Mais qu’est ceci ? Une auto. Des gens qui fuient, qui croient pouvoir s’enfuir. Ah ! non ! La foule s’est ruée en avant. La voiture est en lambeaux. Du sang… La bête est déchaînée. Personne n’échappera. S’il faut crever, tous crèveront, les heureux de ce monde comme les malchanceux, les puissants comme les prolétaires, les riches comme les pauvres.
 

*

 

Le jour blême est descendu, éclairant faiblement des décombres fumants. Il y a des cadavres dans toutes les rues, parmi les pavés défoncés, étalés dans les débris, recroquevillés dans la poussière. Des moribonds gémissent sourdement. Des larves se traînent. Paris agonise, lamentablement, entouré de vapeurs opaques où crépitent des étincelles bleues. Par endroits, c’est comme un immense punch. Et dans ce Paris chaotique, qui rend ses entrailles de pierre, se garnit de gueules béantes, de trous noirs, de crevaisons d’égouts, plus un être vivant. Tout ce qui a pu fuir s’est lancé sur les chemins, vers les banlieues Sud et Ouest loin des carnages, là où l’on respire. Ils ont tout laissé, tout abandonné, foyer, argent, famille. Il n’y a plus de pères et plus d’enfants, plus d’hommes et plus de femmes, plus de vieux et plus de jeunes. Des hordes. Sauve-qui-peut ! Les uns sont en pantoufles, un manteau jeté sur leur pyjama ; d’autres en chemise, demi-nus. Et ils vont, ils vont. Où ? ils ne savent pas. Ils fuient l’horreur qui galope derrière eux. Ils fuient Paris qui brûle et qui s’écroule, Paris plein de puanteurs morbides…

De loin en loin, ils lèvent les yeux vers le ciel, dans la hantise des bêtes de sang des oiseaux de destruction. Ceux qui se retournent vers la ville demeurent pétrifiés devant le spectacle hallucinant d’un Paris assiégé par le feu au ciel et vomissant le feu de la terre. Ils ont comme la perception de la fin du monde. Le déluge de sang.

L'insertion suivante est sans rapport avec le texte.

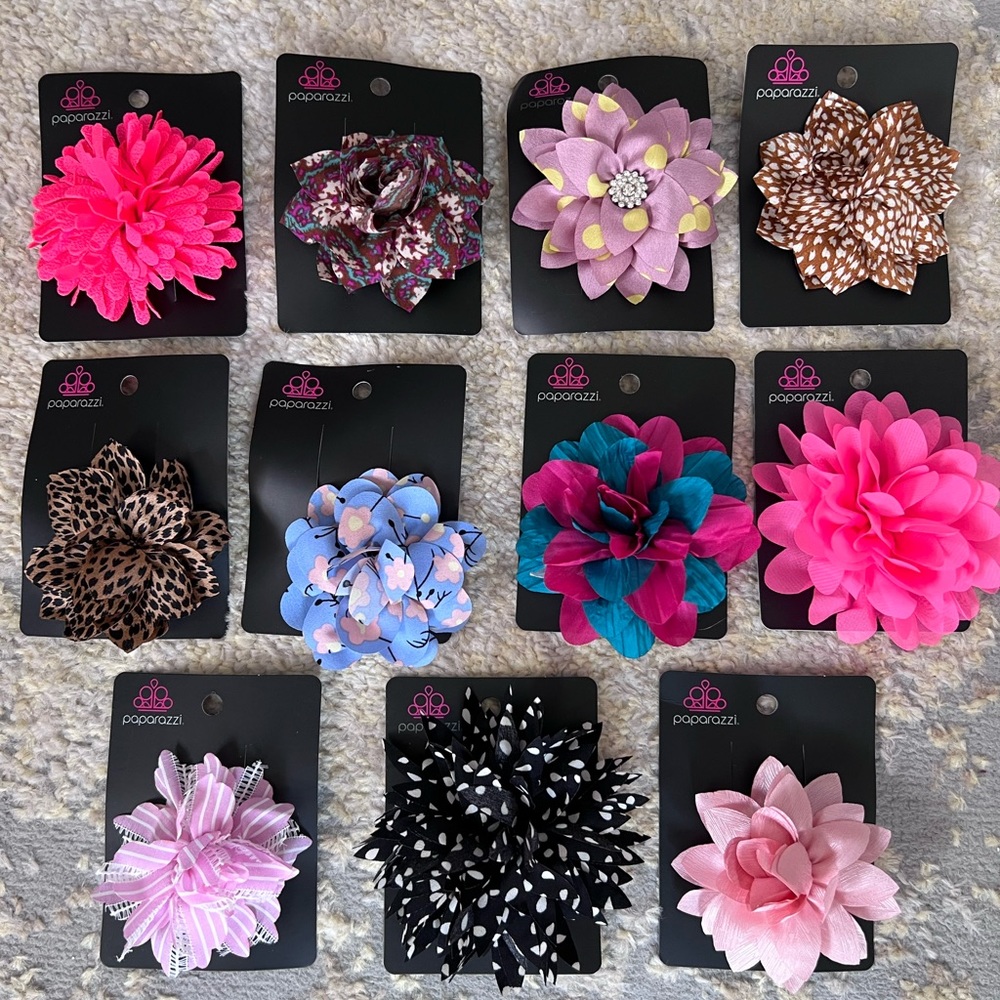 Paparazzi assorted flower hair clips 11 pieces.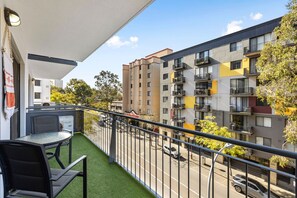 2 bedrooms - Oversized East Perth 2BR Pool Gym Parking (Perth)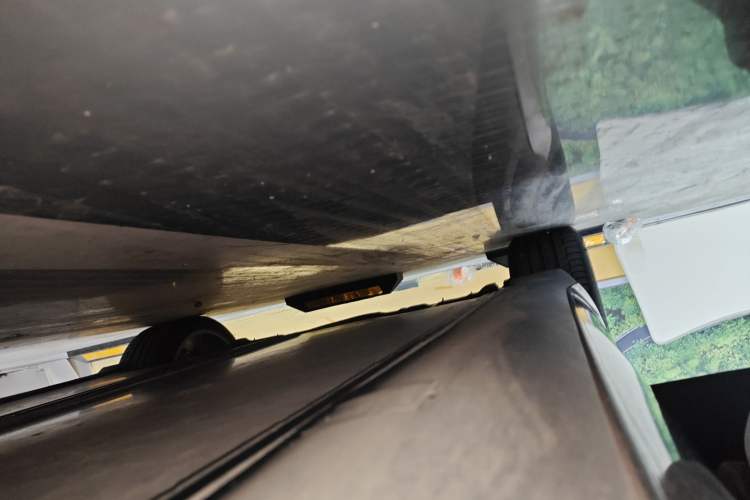 Used Tesla Model 3 2019 Standard Range Rear-Drive Upgraded Version Right Side Sill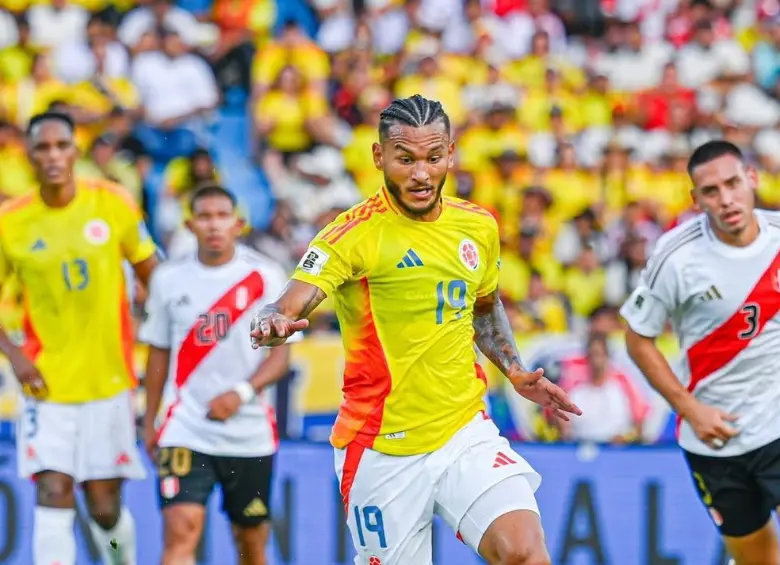 El samario de 27 años es el único atacante colombiano en convertir 4 goles en un partido de Eliminatorias. Foto: Instagram @luissuarez.26
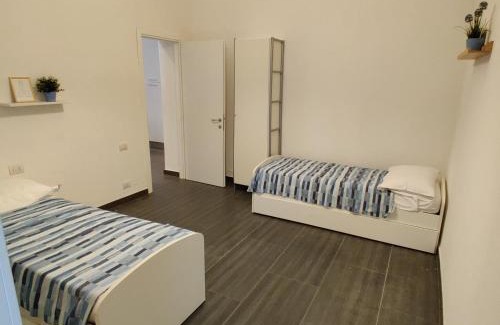 Chiavari Apartment | Vista sul carruggio, centro storico di Chiavari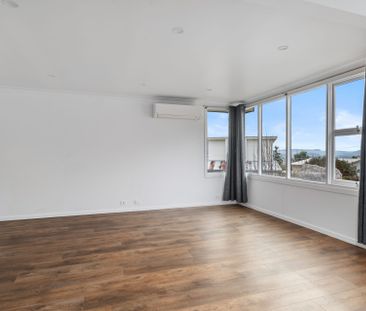 Space and Comfort for Everyday Living - Photo 2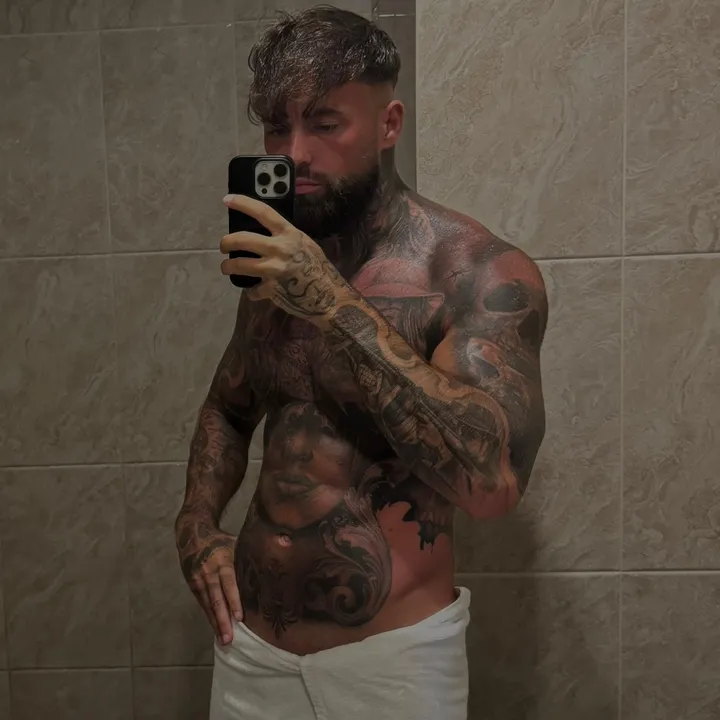 @nicolittek_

Mais demain, après-demain, il faudra manger. Alors, les hordes se précipiteront sur les fermes, dans les champs, dans les maisons, pillant les villages et les hameaux, saccageant tout sur leur passage. La faim après la peur. Tous les instincts de l’animal primitif libérés. Batailles sur les routes. Ils décrocheront de l’arbre la massue préhistorique. Ils se réfugieront, le soir venu, dans quelque trou, anxieux, guettant l’ombre d’où peut surgir l’adversaire affamé. Ils se tiendront là, farouches, prêts au meurtre, tapis dans leurs cavernes.

Triomphe de la brute, dans l’éboulement de toute pensée et de toute volonté. Le saut dans la vieille sauvagerie.

La « der des der » qui se déroule.

Pendant ce temps, d’un de nos centres d’aviation, les oiseaux de meurtre – les nôtres – prendront leur vol, frais et dispos, avec leur cargaison de bombes et de poisons, vers la capitale ennemie, vers d’autres enfants, d’autres femmes, d’autres vieillards…

Le tableau est poussé au noir ? Taisez-vous. C’est à peine une esquisse, rapide, inachevée. Folie ! ajouterez-vous, fantaisie d’un feuilletoniste en délire ! Moi, je veux bien. Mais, alors, c’est aussi un fou, le professeur Langevin, qui nous dit qu’il suffit de cent avions porteurs d’obus asphyxiants pour anéantir Paris ? C’est un fou, le comte de Halsbury qui affirme que : quarante obus de diphynyleyanorcène peuvent détruire la population entière de Londres ? C’est un fou, le major Nye, qui prétend que deux avions seulement, emportant six cents bombes à gaz de cinq livres, pourront gazer un espace aussi grand que Londres et ses environs ? C’est un fou, le général Von Altrich ? Un fou, le professeur Meyer ? Des fous, tous les professionnels, les techniciens, les savants qui ne cessent de nous crier que la prochaine guerre des gaz, c’est l’extermination totale, les villes culbutées les unes sur les autres, le retour à la barbarie, la fin de tout !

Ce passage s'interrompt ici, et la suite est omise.